Quae est ista, quae progreditur quase aurora consurgens? — “Quem é esta que vai caminhando como a aurora quando se levanta?” (Ct 6, 9)
Sumário. A celeste Menina nasce destinada a ser Mãe de Deus; por isso nasce enriquecida de tamanha graça que excede a de todos os anjos e santos juntos. Façamos um ato de fé nesta grandeza inefável de Maria, e agradeçamo-la a Deus em seu nome. Mas alegremo-nos também por nossa causa, e aumentemos a nossa confiança, pois, ao mesmo tempo que a Santíssima Virgem foi destinada a ser Mãe do Redentor, foi destinada igualmente a ser Medianeira do gênero humano, e dispensadora de todas as graças.
I. Antes que nascesse Maria, jazia o mundo perdido nas trevas do pecado, mas com o nascimento de Maria despontou a aurora, diz um santo Padre: Nata Maria, surrexit aurora. Foi de Maria que se disse:
“Quem é esta que vai caminhando como a aurora quando se levanta?”
Assim como, no despontar da aurora, a terra se alegra, porque a aurora é a precursora do sol; assim no nascimento de Maria alegrou-se o mundo inteiro, porque ela é a precursora do Sol de justiça, Jesus Cristo, que havia de ser seu Filho, a fim de nos salvar pela sua morte.
É, pois, com razão que a Igreja canta: A tua Natividade, ó Virgem Mãe de Deus, anunciou gozo ao mundo inteiro; porque de ti nasceu o Sol da justiça, que nos deu a vida eterna: Nativitas tua, Dei Genitrix Virgo, gaudium annuntiavit universo mundo: ex te enim ortus est sol iustitiae, qui donavit nobis vitam sempiternam. Com o nascimento de Maria, nasceu-nos o nosso remédio, a nossa consolação e a nossa salvação; pois que por meio de Maria é que recebemos o Salvador.
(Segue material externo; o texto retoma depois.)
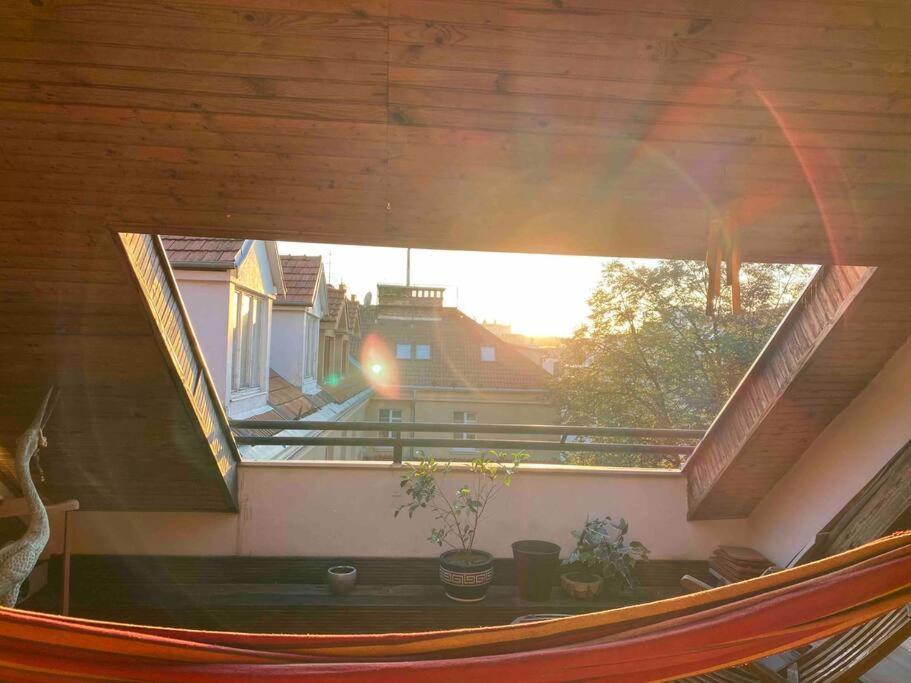 Rooftop 180M2 Loft With Private Sauna, Bratislava Luaran gambar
Sendo, pois, esta criancinha destinada a ser Mãe do Verbo Eterno, Deus a enriqueceu de tamanha graça que, desde a sua Imaculada Conceição, a sua santidade excedia a de todos os santos e anjos juntos. Ela recebeu uma graça de uma ordem superior, proporcionada à dignidade de Mãe de Deus.
Ó Menina santa, ó cheia de graça, eu, miserável pecador, vos saúdo e venero. Sois a predileta, as delícias de Deus; tende piedade de mim, que pelos meus pecados me tornei objeto de ódio e abominação aos olhos de Deus. Ó Virgem puríssima, desde a vossa infância soubestes de tal forma cativar o Coração de Deus, que ele nada vos recusa, e faz tudo o que vós lhe pedis. Em vós ponho todas as minhas esperanças. † “Ó Maria, que sem mancha entrastes no mundo, obtende-me de Deus que eu possa sair dele sem pecado” (1).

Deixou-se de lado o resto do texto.